High-frequency trading firms conduct transactions with themselves in ways that distort liquidity and prices inderivatives markets and warrant additional regulatory review, according to U.S. Commodity Futures Trading Commission member Bart Chilton.
So-called wash sales, in which a party buys a contract from itself, are occurring even though they violate regulations set by the CFTC, CME Group Inc. and Intercontinental Exchange Inc., Chilton, one of three Democrats on the five-member commission, said in a speech prepared for a National Grain & Feed Association conference today in San Francisco.
Wash trades produce artificial liquidity that can distort prices or perceptions of supply and demand in the market.
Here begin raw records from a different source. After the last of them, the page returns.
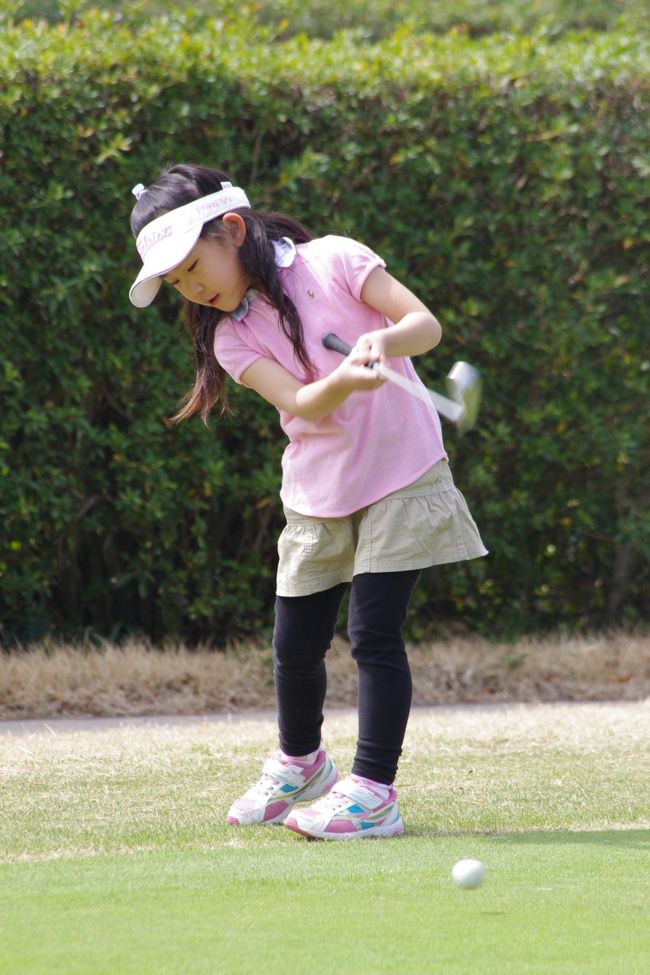 娘の春休み、友人の誘いでＬＰＧＡ主催のジュニアレッスン会が、茨城ゴルフクラブで開催されるとのことで、応募したところ、招待状が届いたので参加してみました。このコースは、今年「ワールドレディースチャンピオンシップサロンパスカップ」が開催されるプレイベントです。名門コースで開催されるジュニアレッスンがどのようなものか、楽しみです。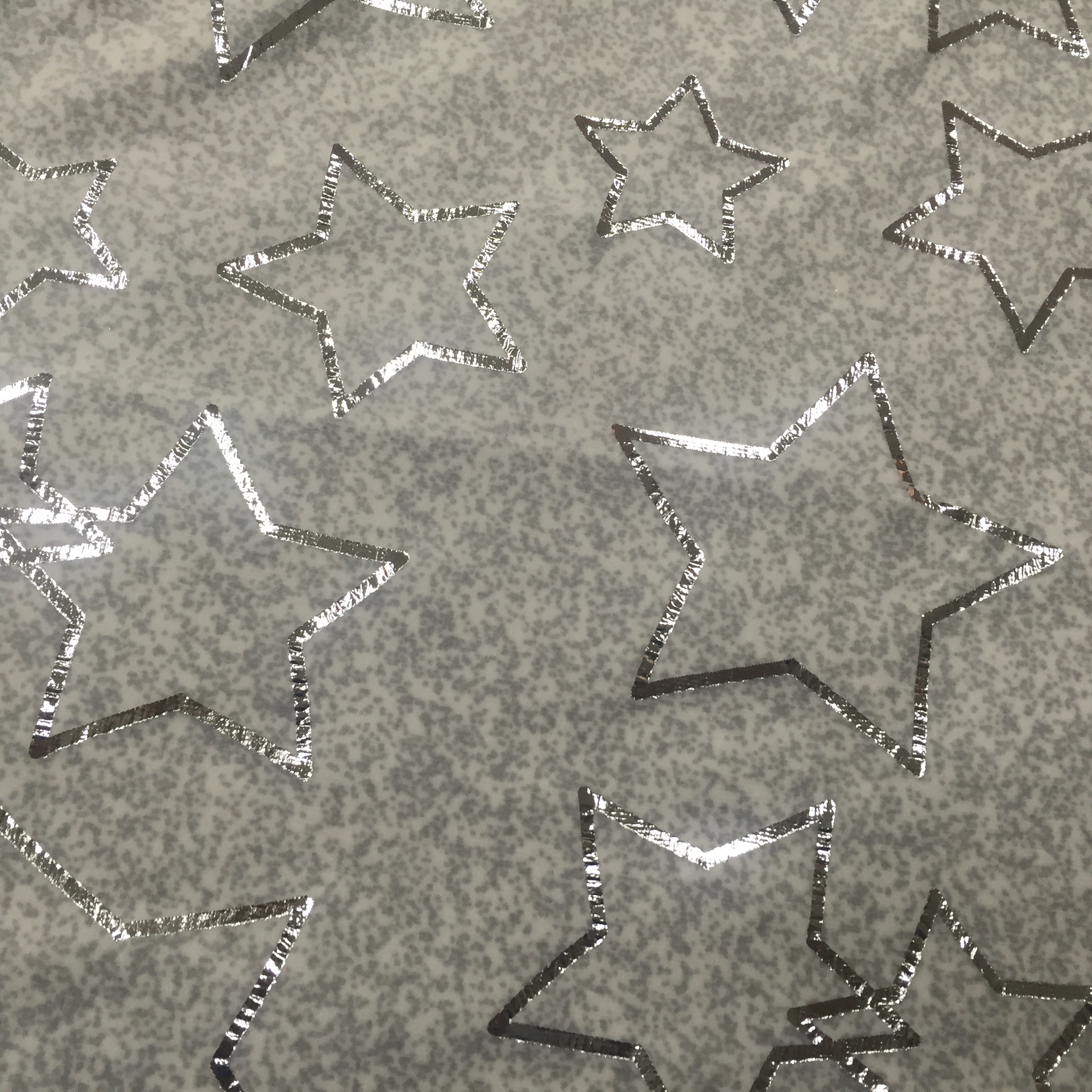 宝宝绒仿麻灰印花烫银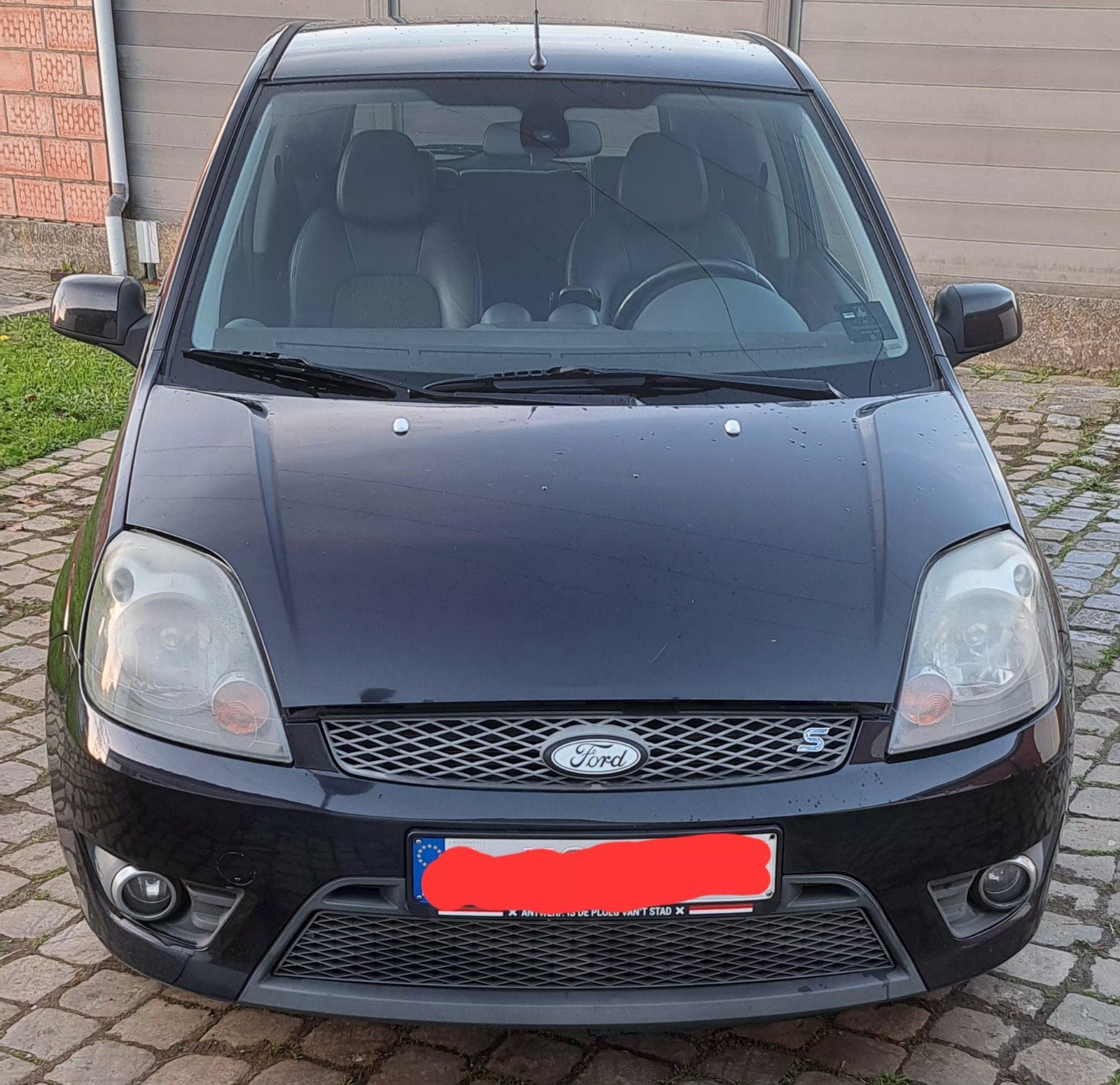 Ford Fiesta sport 1.6/74KW/100PK, Auto's, Voorwielaandrijving, Zwart, 4 cilinders, Leder en Stof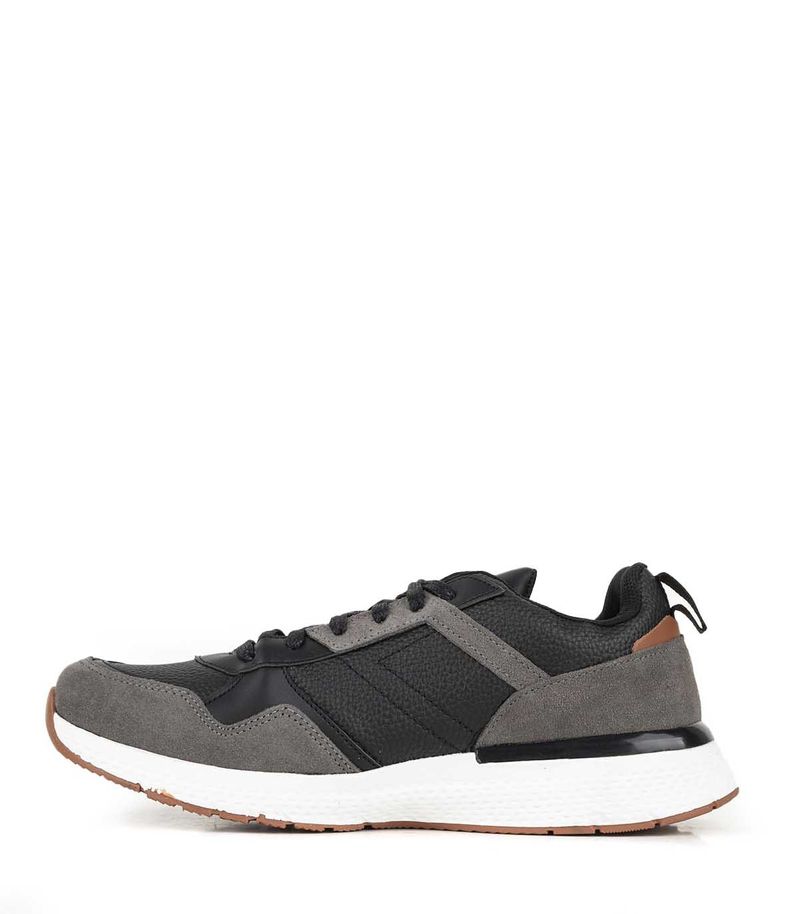 Zapatillas-urbanas-con-recortes-de-simil-en-negro.jpg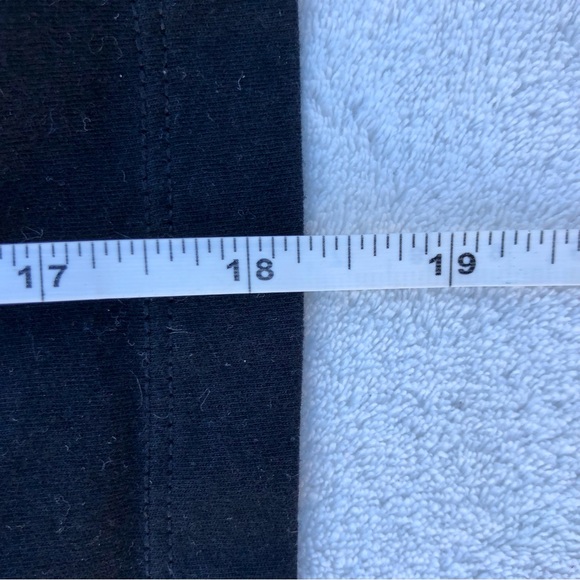 Guns N Roses Tee Shirt Sweet Child O’ Mine Crop Bravado 2022 - Picture 5 of 6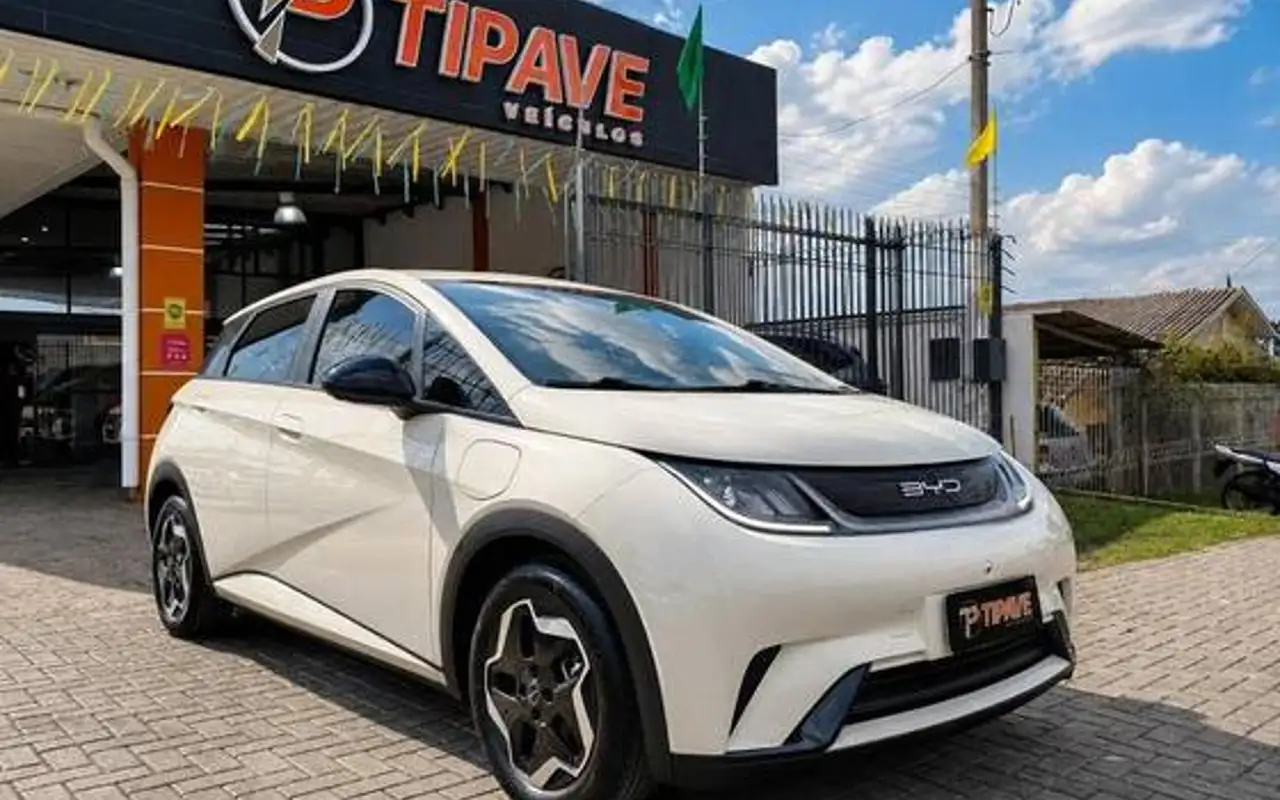 BYD DOLPHIN 44,9 KW ELÉTRICO — foto 1 de 13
“In voluminous instances these cheetahs are engaged in this activity,” Chilton, 52, said in the remarks, likening high-frequency traders to the world’s fastest mammals. “When they do so, it might appear to be liquidity, but it is not. It isn’t really there. It’s fantasy liquidity.”
The CFTC and Securities and Exchange Commission have increased their focus on high-frequency and algorithmic trading since May 6, 2010, when about $862 billion was erased from stock values in 20 minutes before share prices recovered from the plunge. Regulators have expressed concern that some firms and electronic exchanges don’t have enough control over trades or technology glitches that could roil markets.
Volume Growing
Regulators have been scrutinizing wash trades since the middle of last year as part of its study of automated trading, two people with knowledge of the matter said in June. High- frequency trading will represent 52 percent of U.S. stock trading this year, Tabb Group LLC estimated in a January report.
The SEC on March 7 voted unanimously to propose rules requiring exchanges and other electronic-trading venues to maintain technology systems against disruptions and report any outages. It was the first planned update of standards in 22 years.
The CFTC also has been considering whether to issue a so- called concept release, a step prior to formal rulemaking that could lead to new testing, supervision and oversight requirements for high-frequency and automated trading.
In the speech, Chilton said that wash trades require review. “We need to ensure that we have the correct policies and procedures in place.”
In high-frequency trading, computer algorithms buy and sell stocks in fractions of a second. Getco LLC and Citadel LLC, both based in Chicago, and New York-based Virtu Financial LLC are among the biggest automated-trading firms.
Exchange operators including Nasdaq OMX Group Inc. and NYSE Euronext have started services to help firms avoid accidental wash trades.